The meticulous scrutiny of content in the UAE was further exemplified by the situation surrounding the Barbie movie, which encountered restrictions due to its portrayal of themes conflicting with cultural norms and sensitivities.

Prohibition Criteria in the UAE

The UAE authorities have established specific criteria which, if breached, can result in the prohibition or suspension of films.
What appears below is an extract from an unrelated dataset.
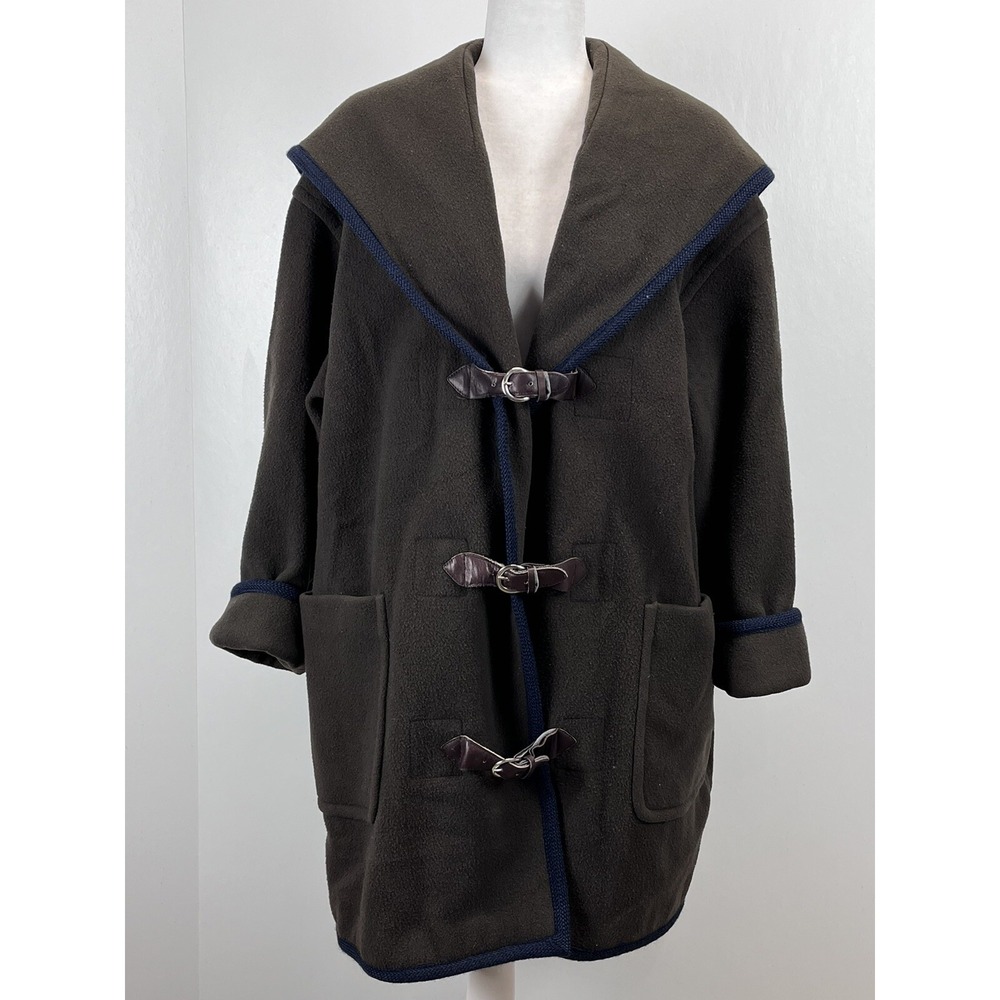 Vintage Unbranded Union Made Wool Coat Jacket Sz 1X GUC Hood Lined Buckles USA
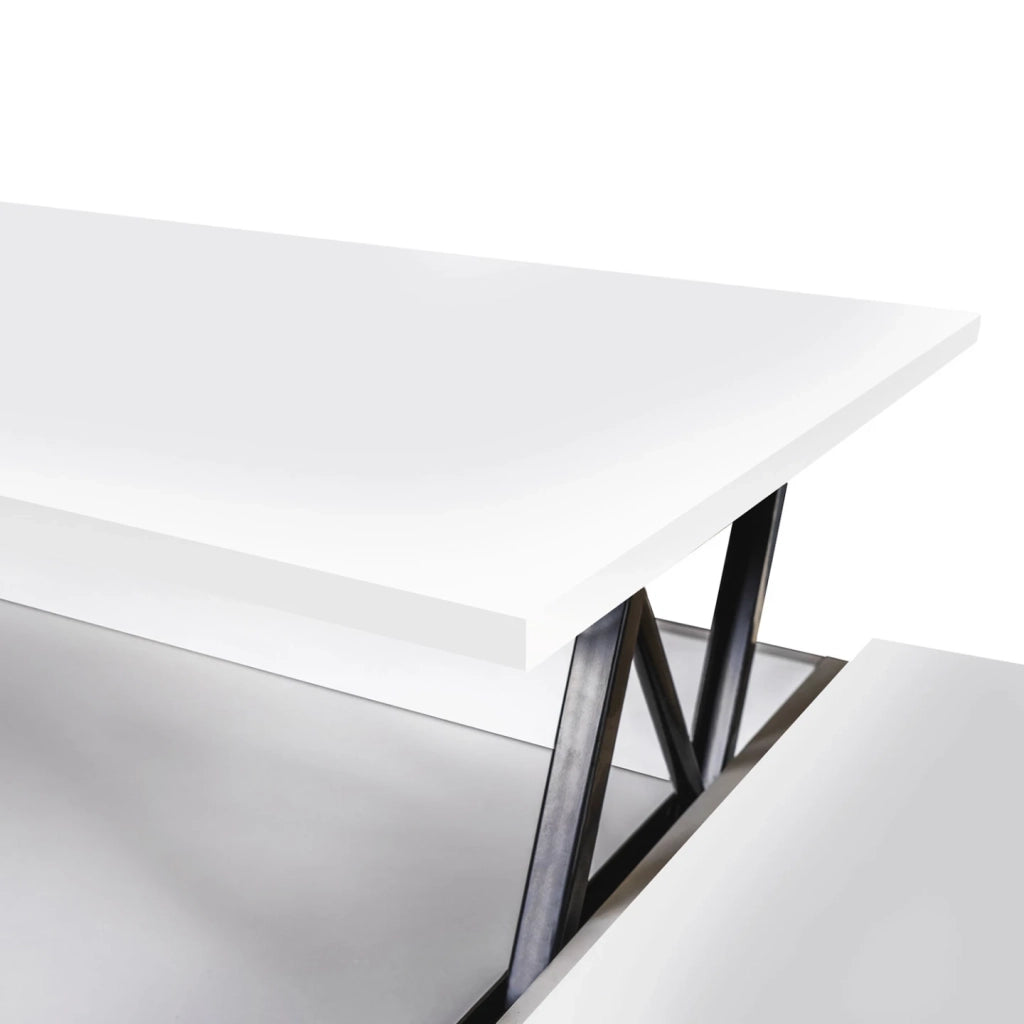 IDMarket - Tavolino ELEA rettangolare alzabile con cassa in legno bianco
Here are nine primary reasons behind such determinations:

Cultural Sensitivity: Movies that disrespect or portray cultural, religious, or traditional values in a manner inconsistent with UAE norms may undergo censorship.

Political Content: Political content that might be considered offensive or contrary to the interests of the UAE or its allies may lead to the suspension of films.

Nudity and Sexual Content: Excessive nudity, explicit sexual content, or scenes that violate the conservative norms of the UAE can result in film censorship.

Profanity and Obscenity: The use of strong language, profanity, or obscene content may lead to the prohibition or suspension of films in the UAE.

Drug Promotion: Films that glamorise or promote drug use or any form of substance abuse may face restrictions in the UAE.

Violence and Gore: Excessive violence or graphic scenes that contradict the country's standards for public viewing may lead to the suspension of films.

LGBTQ+ Themes: Movies featuring LGBTQ+ themes or content perceived as promoting non-heteronormative relationships could undergo censorship.

Anti-Islamic Content: Any content perceived as disrespectful or critical of Islam may lead to the banning or suspension of films in the UAE.

National Security Concerns: Films that raise concerns about national security or depict activities deemed threatening to the UAE can result in censorship.